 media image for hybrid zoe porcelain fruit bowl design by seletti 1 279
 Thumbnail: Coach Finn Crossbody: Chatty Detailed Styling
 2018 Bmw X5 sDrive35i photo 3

====

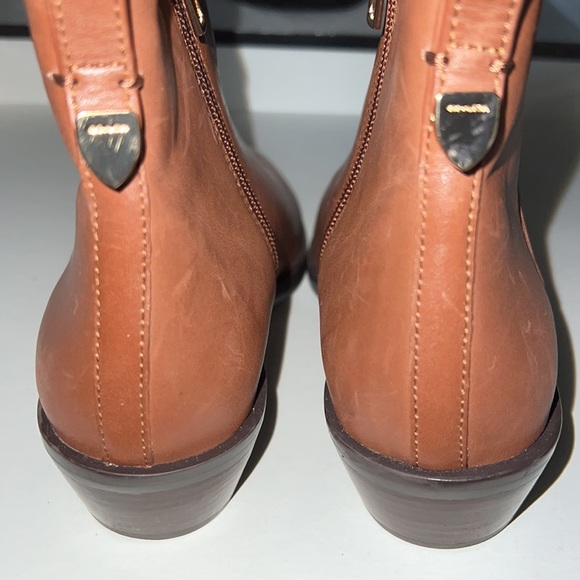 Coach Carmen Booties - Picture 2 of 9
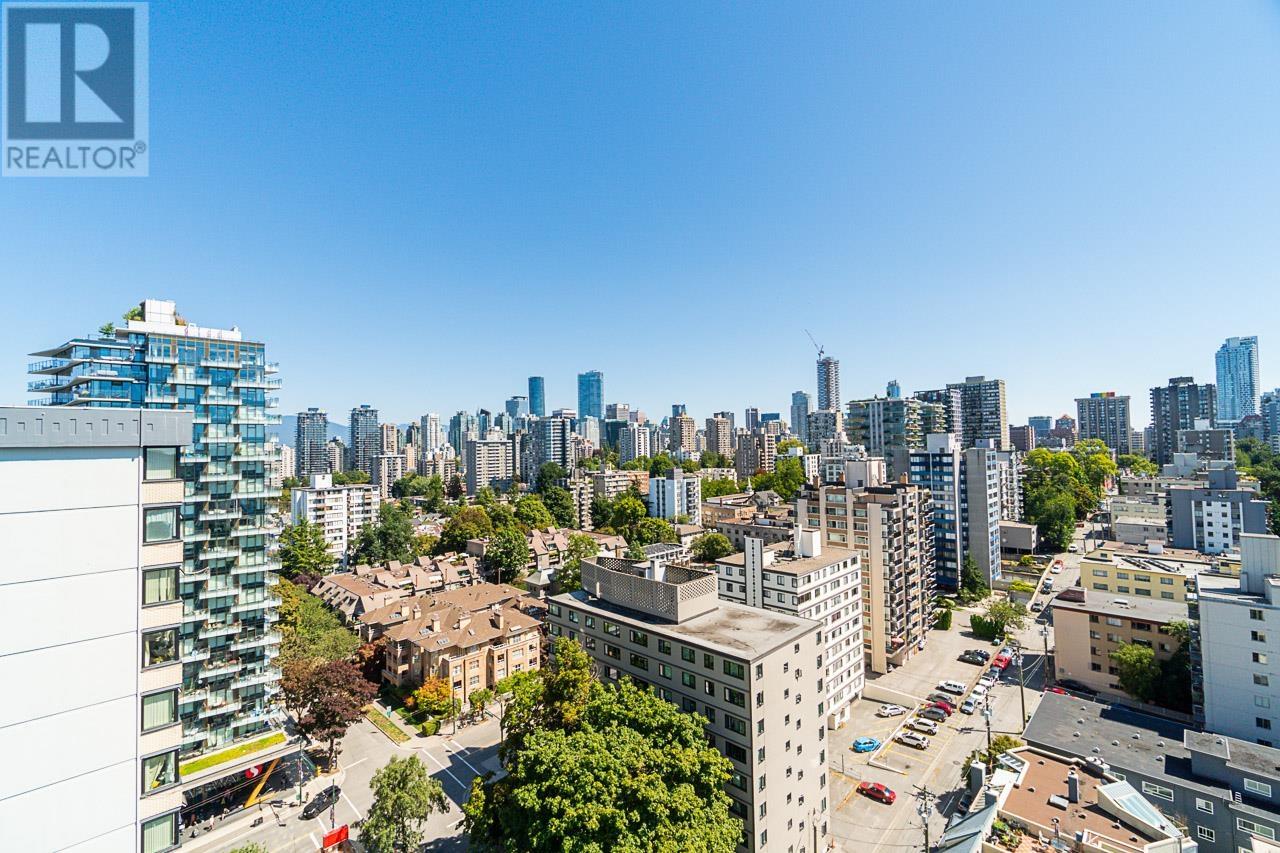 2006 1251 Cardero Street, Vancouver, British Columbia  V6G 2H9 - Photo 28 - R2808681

====

**Exercise goal:** For the material above, reproduce exactly the lines from the line with "media image for" to the line with "2018 Bmw X5 sDrive35i photo 3", inclusive, and exclude all others.

**Task answer:**
 media image for hybrid zoe porcelain fruit bowl design by seletti 1 279
 Thumbnail: Coach Finn Crossbody: Chatty Detailed Styling
 2018 Bmw X5 sDrive35i photo 3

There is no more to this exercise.